Sunday, January 6, 2008

Prayer and Meditation

I’ve been thinking a lot about prayer and meditation lately. Interfacing with The Divine, with God, or at least my experience of God. Now, in order to do that, I have to deal with a lot of abstract and previously defined concepts (or at least defined previously by others, or maybe even defined in other ways by others). Take for example the experience of God. I need to use that terminology to distinguish between how I become aware of God’s presence in my life, as differentiated with what others have identified as God-like characteristics (ranging from anthropomorphic God – you know, bearded and robed and sitting on high like some sky father – to conceptual referents like omniscient, omnipotent, and the omni-lists of catechism). I also need to be wary of confusing the God of my experience with the true experience of God and getting present to how else that might manifest in each unfolding now of my mortal existence. And that’s just for starters!

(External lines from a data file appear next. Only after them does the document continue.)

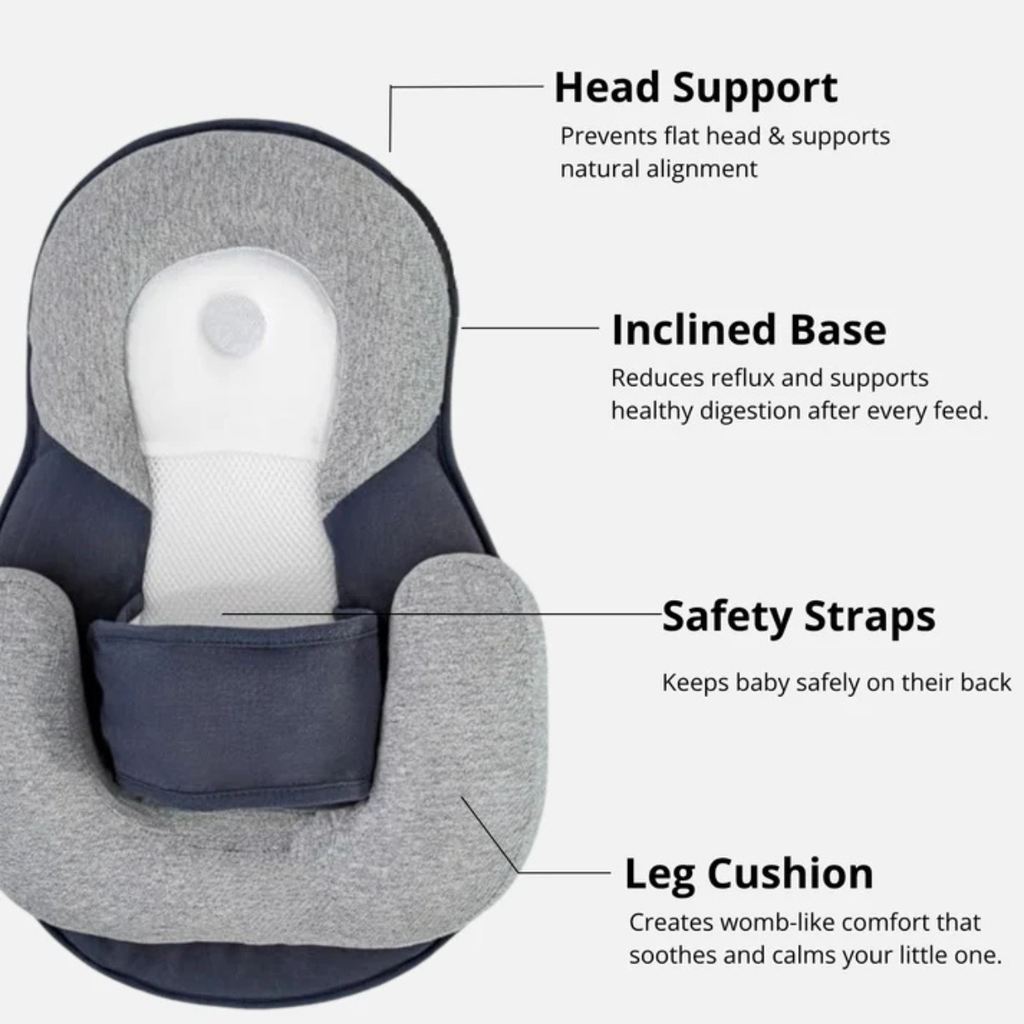 WinnyBabi™ ComfortNest Lounger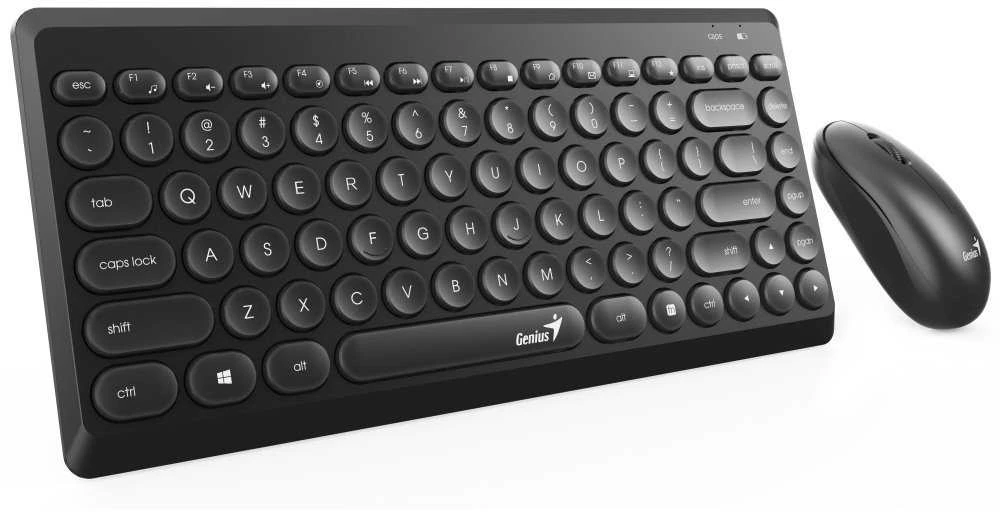 Klaviatūra ir pelė Genius LuxeMate Q8000 (31340013403)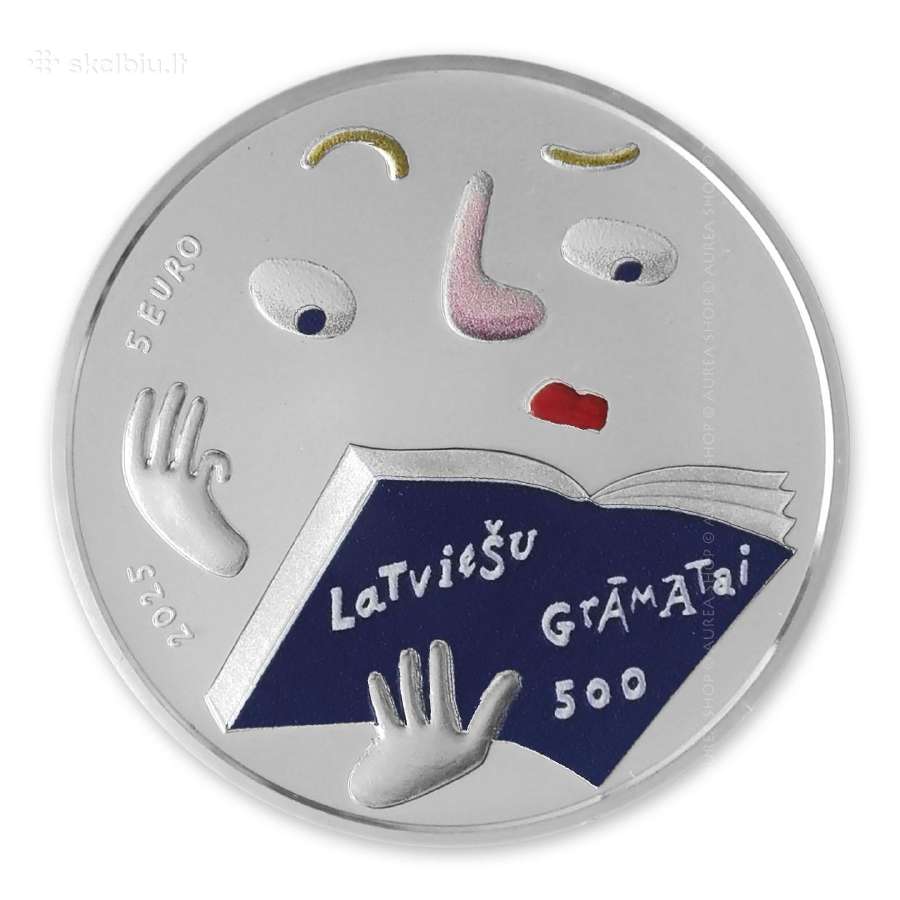 Latvijos auksnės ir sidabrinės monetos! - nuotraukos Nr. 8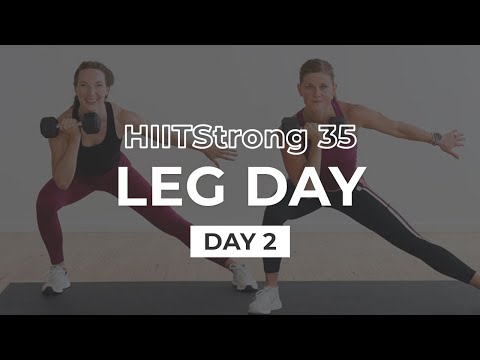 FREE 2 Week Full Body Workout Plan HIITStrong 35 New HIIT Workouts Daily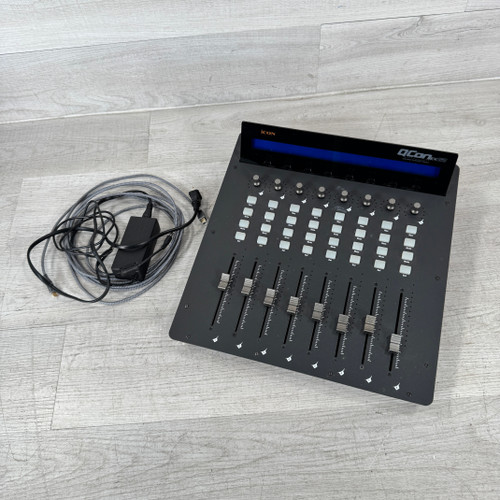 Vist Large View of Product Image Which is Used Icon Pro Audio QCon EX G2 Control Surface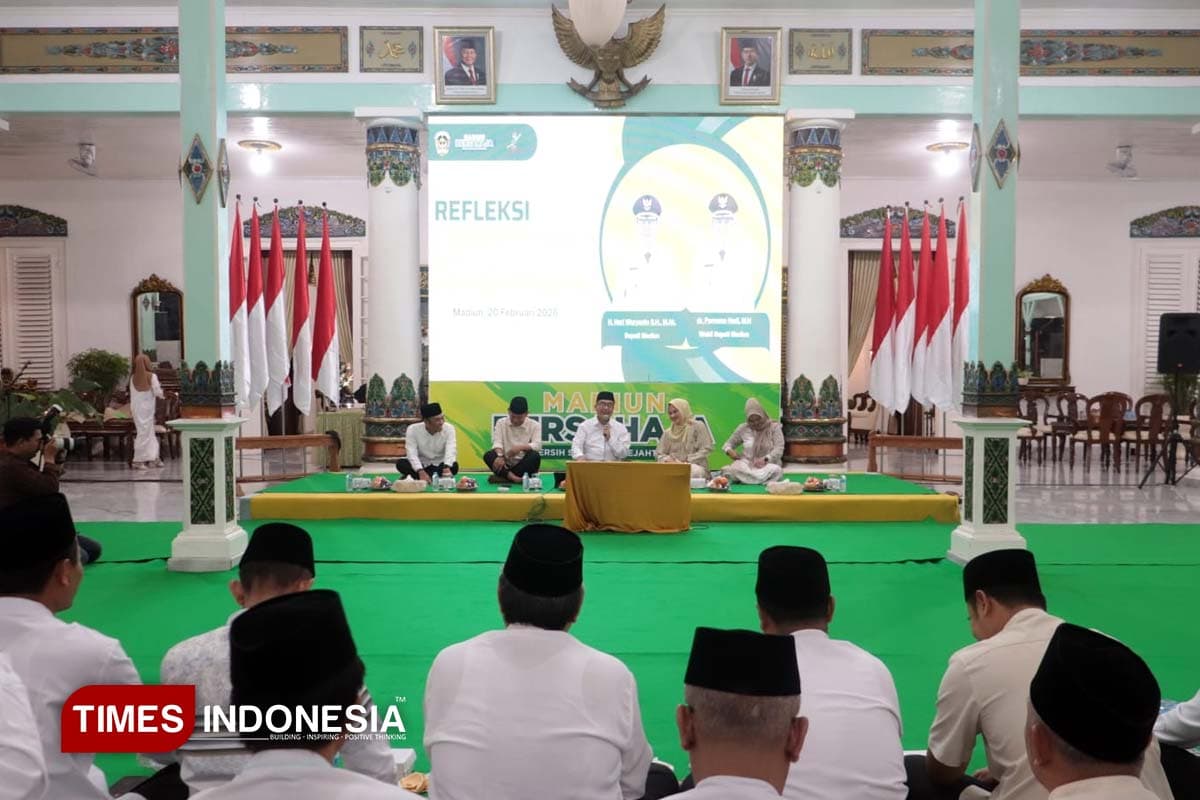 Satu Tahun Pemerintahan Harmonis Kabupaten Madiun, Fokus Program Asta Cita dan Pengentasan Kemiskinan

So I start with an assumption of God – that God exists and is, like life itself just “is.” And I recognize that for some, that is a leap of faith – “How do you know God is?” That one at least is easy for me: because I look for God in everything, I see God in everything. The same logic is true for the atheists: because they doubt God’s existence, they are looking – in essence for the absence of God – that is their perception. But for me, there is God; present in through and around every living thing. But I stop there because right behind that statement follows a whole raft of self-defined experiences I have had of God’s presence. I am wary of ascribing what I experienced as the expression of God-ness to being what God is, because to do so would immediately begin to limit The Divine though and by those definitions. They are just my experiences of God’s presence to me. So I think it must be true of others, that how we experience God becomes what God is. Therefore, the God of our understanding is a uniquely defined and individual experience.

Perhaps in organized church religions, God may be described by the masses in similar ways creating a “majority view” of God-ness. But weren’t they told what they were looking for in the first place? Isn’t it true that we always see what we expect to see? It’s like what I call the “new car syndrome.” The day before buying my new midnight blue Saab 9-5, I was not terribly aware of how many others there were on the road. But that purchase shaped my seeing such that the experience was almost as if that same day hundreds of other Bostonians went out and bought midnight blue Saab 9-5’s – there were suddenly so many of them. So likewise, if we are told to look for God as manifest in bread and wine, or the smiles of children, or as the Virgin of Guadalupe, or whatever, that will be what we see. But that is not simply the power of suggestion. Rather it is the opening of eyes to what is already present, but to yet another select set of manifestations, as opposed to the complete, total and incomprehensible range of God’s infinite possibility.

So meditating on God for me is not looking for the predefined but rather trying to be present to what wants to be seen this time. Surprise me! I am waiting and open to what you would have me see. Open like this, the experience of God washes over me and opens my seeing to some new (and sometimes renewed) awareness. That hasn’t changed much in recent years – that sitting and opening to the next experience of how God presents “I am-ness” to me. But what has evolved is prayer – my communing and attempting to open the other channel of communication with The Divine.
I remember all of the different classifications of prayer I learned in my childhood: prayers of request, prayers of and for forgiveness, supplication, contrition, and so on. But those were to a God of otherness for me; a great God of the sky, who could and would grant wishes, or wash me to be “whiter than snow.” But what becomes of that type of prayer when God is infinitely incomprehensible? How do I commune? In fact, if I start from an assumption that God is in everything, knows everything and completes everything, then why (if at all) do I need to inform “him” of my needs, wants and wishes?

I don’t.

And suddenly prayer shifts from “out there” to “in here.” Prayer becomes speaking out loud that thought path to alignment with The Divine purpose already at work, and already manifest even before I become aware of it (like the ubiquitous Saabs I had not noticed. As I sit in prayer, I mentally and verbally begin to align my thoughts to Divine intention. And as I do that, the language of my prayer shifts from my laundry list of needs, wants and fears to seeking the humility to become an instrument of God’s work in my world.

It isn’t easy. I want a God who will fix it for me. But, like I always say, I am on a journey here, not looking for the end point, just on the path.

1 comment:

Becca Clark said...

nothing we haven't talked about before, but I hadn't read this one. Well done!